We each ordered an appetizer, he a cup of Clam Chowder, I the Seafood-Stuffed Mushrooms, because stuffing mushrooms with tender seafood and smothering it all in cheese feels classically steak and seafood, not clam shack. My husband's chowder lacked some depth, and the clams were so minced that in the few spoonfuls I sampled, I never had to chew one. The mushrooms, meanwhile, were very good. They arrived piping hot, the cheese was melted just right, and the stuffing was delectable, rich, and full of red pepper and (nonspecific) seafood chunks.

I'd only eaten half of one of these mushrooms, however, when more food suddenly showed up. Because I took pictures of each dish as it arrived, I have the timestamps to prove just how rapid the service was: Six minutes elapsed between the server dropping off our mushrooms and chowder and the server returning to our table with hulking entree plates in each hand. I'd just taken a bite of very hot mushroom and had to cover my mouth to let some steam escape as I tried to clarify which entree was for whom.

I got the Lobster-Topped Stuffed Flounder, which included both Maine and langostino lobster. The cream sauce was bracingly salty and buttery, and the flounder was pretty fishy, but such is flounder. For my sides, I chose broccoli, which was overcooked, and coleslaw, which was underwhelming. The stuffing was, however, quite good.

My husband got the Seafarer's Feast, which allows one to taste a little bit of everything Red Lobster has to offer. It included a lobster tail that was cooked to the point of being a bit rubbery, which was a true bummer; the butter provided alongside that lobster tail was, like the cream sauce on my flounder, bracingly salty. There were some highlights, though. "Walt's Favorite Shrimp" turned out to be a butterflied, battered, fried shrimp, served with a classic (and good!) cocktail sauce. The shrimp scampi was merely okay, whereas the scallops were surprisingly good. They didn't have much seasoning but were blackened on both sides, and the char imparted a flavor I'd never had on scallops before and would like to have again.

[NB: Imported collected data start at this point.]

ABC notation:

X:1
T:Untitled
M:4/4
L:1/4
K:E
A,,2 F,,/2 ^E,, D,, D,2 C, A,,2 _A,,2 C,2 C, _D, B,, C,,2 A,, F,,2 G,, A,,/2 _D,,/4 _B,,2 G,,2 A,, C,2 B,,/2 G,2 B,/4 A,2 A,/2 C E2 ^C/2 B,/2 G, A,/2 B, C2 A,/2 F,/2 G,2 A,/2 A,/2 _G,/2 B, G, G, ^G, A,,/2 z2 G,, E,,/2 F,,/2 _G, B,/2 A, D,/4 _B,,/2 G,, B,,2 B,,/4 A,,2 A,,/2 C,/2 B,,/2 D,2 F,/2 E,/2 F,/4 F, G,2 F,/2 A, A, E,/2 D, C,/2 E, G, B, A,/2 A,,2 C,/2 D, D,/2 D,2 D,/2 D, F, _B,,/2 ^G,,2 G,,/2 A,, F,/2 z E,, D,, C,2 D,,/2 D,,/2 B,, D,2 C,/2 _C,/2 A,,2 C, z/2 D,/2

With tax and tip, our meal for two cost around $115. We were not left with the feeling that we'd enjoyed a $115 experience, but not because everything we ate was disappointing. Instead, it's because for that price point, it was all kind of a whirlwind. From the moment we sat down, we had food hurtling toward us practically nonstop, with only so much time to eat it at its optimal temperature.

According to the timestamps on my photos, the biscuits arrived three minutes before the drinks, and it was only another five minutes before our sizzling appetizers arrived. Six minutes later, the entrees were there. The food at places like Red Lobster (which, from a culinary standpoint, did skew more steak and seafood than it did clam shack) is heavy. Which is great, if you have time to digest it, or even take time to consume it, before you're presented with more of it.

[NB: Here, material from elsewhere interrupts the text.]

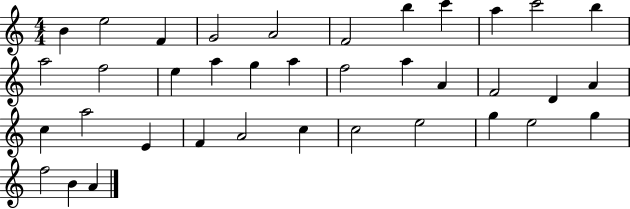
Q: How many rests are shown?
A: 0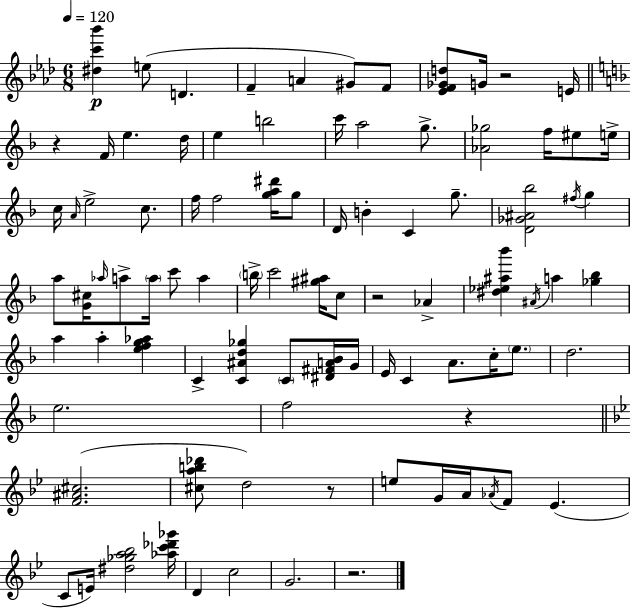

Speedy service like this is, in theory, an admirable feat. Yet as I raced through my appetizer and dove straight into my dinner, I couldn't help wishing that instead of trying to quiet the heat of a steaming-hot mushroom to greet my entree, I'd had a few minutes to savor my appetizer, sip my drink, and start looking forward to my flounder. I'm sure the pace of the service is designed to turn over tables as efficiently as possible. It's the DNA of all chain restaurants laid bare: get diners in and out, keep wait times down. Yet as we sped through our meal, I felt a bit like I was on an island—not because of the beachy theme, but because all the surrounding tables were empty.

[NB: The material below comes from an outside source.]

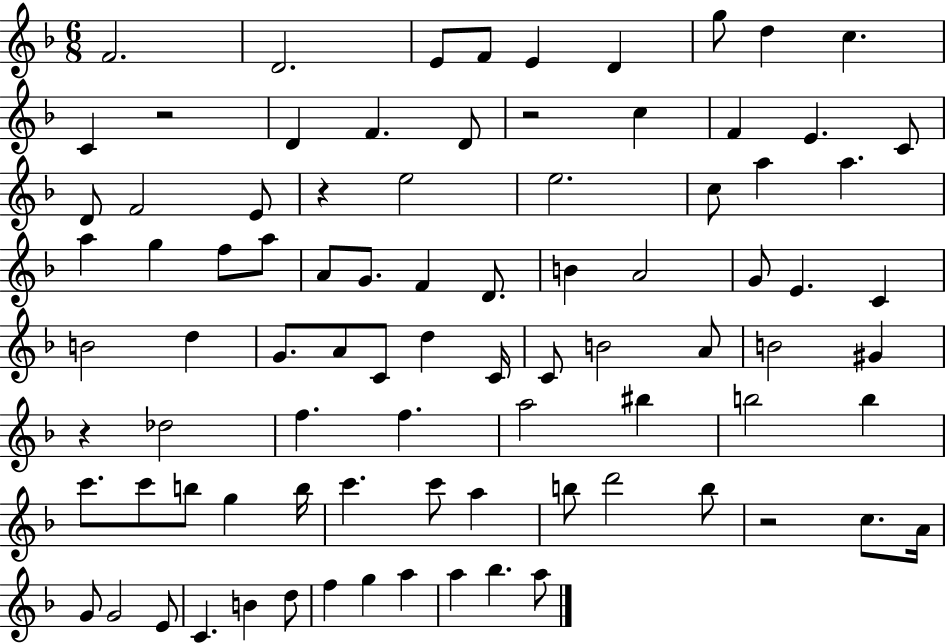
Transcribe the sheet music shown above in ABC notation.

With entrees ranging from $25-$40, it makes sense that Red Lobster is a dining experience many people reserve for a special night, be it an anniversary, a birthday, or some other celebration. And on those occasions, I would think customers are probably hoping for more than a 40-minute experience. My husband and I thought about stopping somewhere else for a drink after dinner, but we were too full to stomach it. When we got back to my mom's house at 7:15 p.m., my seven-year-old lamented, "You're back already?" All I could really do was shrug and agree.